Watching Assassination Nation on the eve of Trump’s second inauguration as president was a strange experience.

I picked this film because I was in the mood for a trashy B-movie, something about kids getting into trouble, a good way to wind down. What I wasn’t prepared for was just how wild and bizarre this movie turned out to be.

To give you an idea of what it’s about: it’s essentially a retelling of the Salem witch trials set in the social media era. In fact, the town in the movie is literally called Salem. The story follows four girls who are targeted by vigilantes seeking to punish them for alleged wrongdoings—wrongdoings they didn’t actually commit.

The film came out in 2018, during the height of the #MeToo movement and the peak of social media activism like Black Lives Matter. That era felt like a turning point in online discourse, and Assassination Nation captures some of that chaos. It’s a brutal film that opens with a laundry list of trigger warnings: violence, blood, gore, toxic masculinity, gender-based violence—basically, it doesn’t pull any punches.

The core of the story is this: everyone in the town has their privacy violated.
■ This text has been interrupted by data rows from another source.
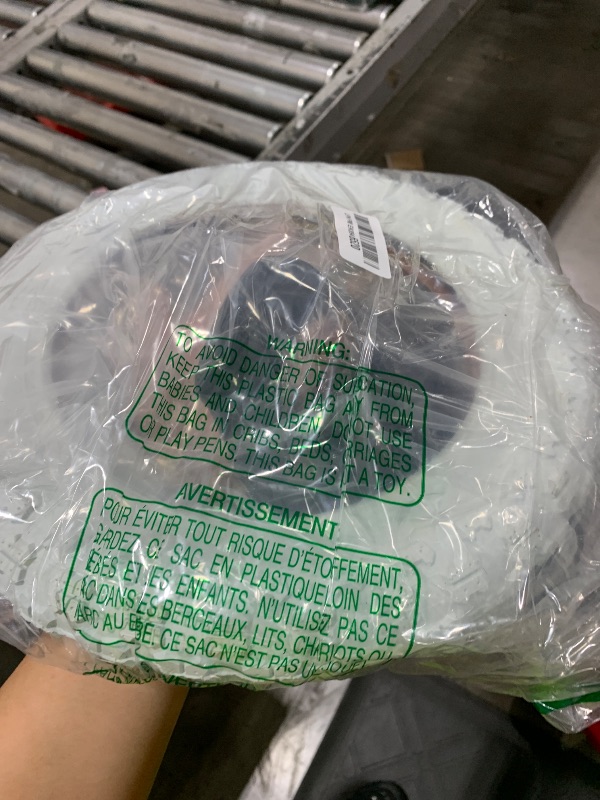Photo 1 of (2 Sets) 12” x 2.125 Kids Bike Replacement White Tires and Tubes - Compatible with Most 12”-12.5” Kids Bikes Like RoyalBaby, Schwinn, and Dynacraft - Made from BPA/Latex Free Butyl Rubber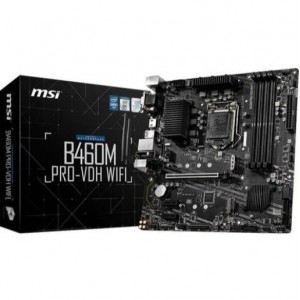 MSI PRO B460MVDHWIFI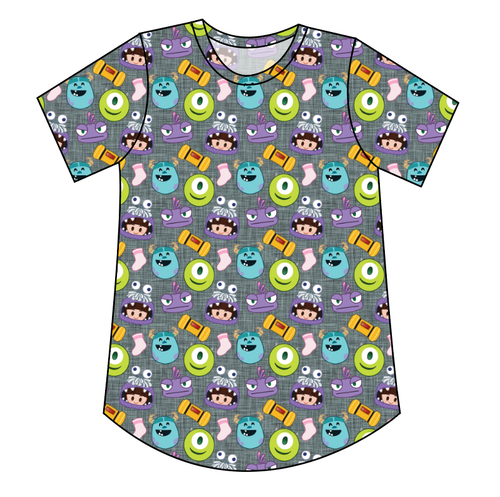 Scare Squad Ladies' Relaxed Tee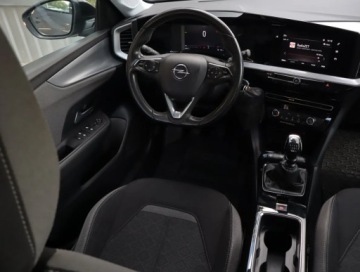 Opel Mokka II SUV 1.2 Turbo 100KM 2022 Opel Mokka 1.2 Turbo, Salon Polska, Klima, zdjęcie 6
All their secrets are exposed, and people who feel wronged go looking for scapegoats. The four girls become those scapegoats, and the movie follows their fight to defend themselves. They’re victims of violence, but they’re also survivors, fully willing to fight back. That’s what makes the movie compelling—the raw defiance of these characters.

Watching this film in the context of Trump’s second presidency felt disturbingly relevant. We’re heading back into a time of outrage, scapegoating, and “us versus them” mentalities. Only now, Trump has even more control over the platforms that shape public discourse. Social media giants—Musk, Zuckerberg, TikTok, you name it—are bending the knee.

As a Canadian, I can’t just ignore what’s happening. Trump has openly talked about annexing Canada, and that’s not something we can dismiss as rhetoric anymore. The next four years are going to be rough, not just for the U.S. but for everyone in its orbit.

This is why we need the Fediverse. We need decentralized social media—platforms not controlled by billionaires or tech monopolies. We can’t afford to rely on corporate-owned spaces anymore. The last four years under Biden made us complacent; we thought we were safe, that Trump wouldn’t come back. Now we’re paying the price for that complacency.

The Fediverse could be our alternative, a space free from corporate control. But we need to open it up. I get frustrated when people say, “We don’t want TikTokers or Instagrammers here.” We don’t have the luxury to gatekeep anymore. The fight for decentralized, independent platforms isn’t just about principle—it’s about survival.

What does this have to do with Assassination Nation? Everything. The movie is about a witch trial, and witch trials are coming back. The social media-fueled mob justice in the film feels like a warning for what’s ahead.

Great movie. Heavy as hell, but worth watching.